• [BRIEF]: When you reach the line containing "Family Glamper with" in the records below, start copying exactly, and stop once you have copied the line containing "Bear Archery Compound".

• [RECORDS PROVIDED]:
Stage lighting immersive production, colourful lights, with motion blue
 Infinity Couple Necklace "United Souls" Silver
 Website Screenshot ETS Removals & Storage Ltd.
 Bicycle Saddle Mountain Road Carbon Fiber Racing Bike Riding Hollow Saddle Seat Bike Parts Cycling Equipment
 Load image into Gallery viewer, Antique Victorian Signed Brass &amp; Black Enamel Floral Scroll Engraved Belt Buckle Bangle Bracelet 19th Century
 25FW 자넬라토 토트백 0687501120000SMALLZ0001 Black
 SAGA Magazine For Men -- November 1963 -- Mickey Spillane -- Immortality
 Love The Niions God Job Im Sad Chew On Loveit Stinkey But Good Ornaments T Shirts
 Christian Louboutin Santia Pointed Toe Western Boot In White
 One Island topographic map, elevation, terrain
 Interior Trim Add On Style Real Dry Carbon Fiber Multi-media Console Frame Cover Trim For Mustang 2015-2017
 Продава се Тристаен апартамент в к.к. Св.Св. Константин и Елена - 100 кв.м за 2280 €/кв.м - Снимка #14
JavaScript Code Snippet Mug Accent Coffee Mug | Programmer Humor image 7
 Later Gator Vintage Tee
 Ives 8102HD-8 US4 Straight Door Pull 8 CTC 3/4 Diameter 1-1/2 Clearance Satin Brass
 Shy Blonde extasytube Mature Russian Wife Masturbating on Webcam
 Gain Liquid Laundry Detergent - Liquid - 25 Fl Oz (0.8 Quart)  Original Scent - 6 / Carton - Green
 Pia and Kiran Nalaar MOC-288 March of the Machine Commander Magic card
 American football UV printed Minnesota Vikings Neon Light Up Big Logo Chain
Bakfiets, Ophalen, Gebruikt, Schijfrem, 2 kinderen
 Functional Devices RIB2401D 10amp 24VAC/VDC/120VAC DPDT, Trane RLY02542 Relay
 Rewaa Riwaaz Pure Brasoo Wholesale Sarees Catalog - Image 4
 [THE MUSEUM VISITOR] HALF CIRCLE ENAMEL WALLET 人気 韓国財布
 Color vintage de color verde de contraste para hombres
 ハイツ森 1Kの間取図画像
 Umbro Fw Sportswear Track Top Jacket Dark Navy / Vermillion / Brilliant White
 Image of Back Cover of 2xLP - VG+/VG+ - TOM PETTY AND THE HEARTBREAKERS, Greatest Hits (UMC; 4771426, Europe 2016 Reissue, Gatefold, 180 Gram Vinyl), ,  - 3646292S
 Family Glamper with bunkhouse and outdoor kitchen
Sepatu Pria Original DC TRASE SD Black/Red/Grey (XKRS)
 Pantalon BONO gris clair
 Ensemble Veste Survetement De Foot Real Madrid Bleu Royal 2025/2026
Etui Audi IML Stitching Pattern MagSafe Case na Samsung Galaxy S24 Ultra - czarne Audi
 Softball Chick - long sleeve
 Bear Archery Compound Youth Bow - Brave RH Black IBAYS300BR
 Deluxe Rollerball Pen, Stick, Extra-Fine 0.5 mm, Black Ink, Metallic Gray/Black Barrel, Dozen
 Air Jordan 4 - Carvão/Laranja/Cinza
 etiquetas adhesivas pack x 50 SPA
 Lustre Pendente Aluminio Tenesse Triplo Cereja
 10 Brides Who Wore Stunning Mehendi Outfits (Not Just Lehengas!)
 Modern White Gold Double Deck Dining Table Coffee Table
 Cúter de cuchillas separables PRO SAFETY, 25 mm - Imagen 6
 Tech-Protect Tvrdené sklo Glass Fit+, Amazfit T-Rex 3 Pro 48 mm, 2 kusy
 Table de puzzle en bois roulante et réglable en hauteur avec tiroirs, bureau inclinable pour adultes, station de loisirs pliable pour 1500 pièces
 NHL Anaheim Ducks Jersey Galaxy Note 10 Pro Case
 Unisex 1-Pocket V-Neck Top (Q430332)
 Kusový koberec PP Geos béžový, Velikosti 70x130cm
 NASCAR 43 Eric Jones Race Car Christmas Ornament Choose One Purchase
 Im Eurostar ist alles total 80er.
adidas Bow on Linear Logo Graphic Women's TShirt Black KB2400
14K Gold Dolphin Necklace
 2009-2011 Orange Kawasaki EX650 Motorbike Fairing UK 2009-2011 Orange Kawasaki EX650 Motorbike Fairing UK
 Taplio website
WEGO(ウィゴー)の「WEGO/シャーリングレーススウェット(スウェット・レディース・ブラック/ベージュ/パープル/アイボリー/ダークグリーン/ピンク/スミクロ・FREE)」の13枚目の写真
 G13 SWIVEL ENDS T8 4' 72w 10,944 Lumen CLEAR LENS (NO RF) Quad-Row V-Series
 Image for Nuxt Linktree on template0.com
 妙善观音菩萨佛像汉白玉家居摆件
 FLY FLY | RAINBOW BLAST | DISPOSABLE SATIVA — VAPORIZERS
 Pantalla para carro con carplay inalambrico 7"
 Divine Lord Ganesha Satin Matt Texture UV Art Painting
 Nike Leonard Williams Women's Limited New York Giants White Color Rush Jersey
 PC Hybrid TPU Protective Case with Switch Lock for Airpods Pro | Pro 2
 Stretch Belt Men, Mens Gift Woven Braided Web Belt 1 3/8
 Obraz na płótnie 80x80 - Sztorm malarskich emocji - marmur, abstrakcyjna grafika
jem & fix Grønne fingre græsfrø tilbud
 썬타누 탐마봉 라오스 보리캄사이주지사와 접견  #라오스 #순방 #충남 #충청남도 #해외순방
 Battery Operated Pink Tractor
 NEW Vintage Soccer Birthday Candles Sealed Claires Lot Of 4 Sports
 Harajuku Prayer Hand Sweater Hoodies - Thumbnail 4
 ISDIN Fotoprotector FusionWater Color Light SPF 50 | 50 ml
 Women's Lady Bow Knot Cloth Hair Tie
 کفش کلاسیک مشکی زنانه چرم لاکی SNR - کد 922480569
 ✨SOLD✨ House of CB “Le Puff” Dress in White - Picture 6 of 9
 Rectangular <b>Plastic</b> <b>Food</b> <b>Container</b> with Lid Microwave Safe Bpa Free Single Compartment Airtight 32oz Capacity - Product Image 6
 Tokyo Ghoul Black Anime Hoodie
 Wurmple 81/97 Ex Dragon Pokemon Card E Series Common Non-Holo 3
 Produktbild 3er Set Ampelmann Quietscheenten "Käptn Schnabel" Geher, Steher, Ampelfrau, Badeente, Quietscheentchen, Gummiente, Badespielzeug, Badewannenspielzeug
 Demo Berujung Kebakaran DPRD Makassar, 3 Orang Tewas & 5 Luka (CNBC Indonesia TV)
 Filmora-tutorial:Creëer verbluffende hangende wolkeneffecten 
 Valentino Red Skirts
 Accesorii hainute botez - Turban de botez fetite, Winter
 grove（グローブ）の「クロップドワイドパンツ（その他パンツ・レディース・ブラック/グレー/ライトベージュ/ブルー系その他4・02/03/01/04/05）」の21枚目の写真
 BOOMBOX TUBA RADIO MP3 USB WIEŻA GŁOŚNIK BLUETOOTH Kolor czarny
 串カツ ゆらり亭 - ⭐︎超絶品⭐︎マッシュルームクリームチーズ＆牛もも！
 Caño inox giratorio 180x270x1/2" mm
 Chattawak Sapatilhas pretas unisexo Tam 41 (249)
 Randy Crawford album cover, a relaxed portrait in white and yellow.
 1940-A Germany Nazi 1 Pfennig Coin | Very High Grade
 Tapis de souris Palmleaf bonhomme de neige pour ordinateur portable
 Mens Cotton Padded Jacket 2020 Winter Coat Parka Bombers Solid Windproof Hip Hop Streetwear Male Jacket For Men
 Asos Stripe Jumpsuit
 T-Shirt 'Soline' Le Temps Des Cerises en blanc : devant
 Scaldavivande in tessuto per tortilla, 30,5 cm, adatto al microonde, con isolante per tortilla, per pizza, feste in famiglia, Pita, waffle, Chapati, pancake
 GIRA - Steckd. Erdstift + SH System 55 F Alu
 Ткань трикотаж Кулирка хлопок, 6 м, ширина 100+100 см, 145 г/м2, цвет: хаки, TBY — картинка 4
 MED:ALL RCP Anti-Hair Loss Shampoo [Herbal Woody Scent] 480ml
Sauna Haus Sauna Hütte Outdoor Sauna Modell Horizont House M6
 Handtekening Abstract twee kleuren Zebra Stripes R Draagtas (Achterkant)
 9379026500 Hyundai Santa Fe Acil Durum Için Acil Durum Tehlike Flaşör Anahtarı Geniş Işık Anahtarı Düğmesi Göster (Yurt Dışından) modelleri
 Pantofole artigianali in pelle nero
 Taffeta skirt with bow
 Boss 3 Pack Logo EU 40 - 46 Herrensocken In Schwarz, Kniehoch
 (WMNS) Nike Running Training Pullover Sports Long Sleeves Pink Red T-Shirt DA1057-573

• [RESPONSE TO THIS EXERCISE]:
 Family Glamper with bunkhouse and outdoor kitchen
Sepatu Pria Original DC TRASE SD Black/Red/Grey (XKRS)
 Pantalon BONO gris clair
 Ensemble Veste Survetement De Foot Real Madrid Bleu Royal 2025/2026
Etui Audi IML Stitching Pattern MagSafe Case na Samsung Galaxy S24 Ultra - czarne Audi
 Softball Chick - long sleeve
 Bear Archery Compound Youth Bow - Brave RH Black IBAYS300BR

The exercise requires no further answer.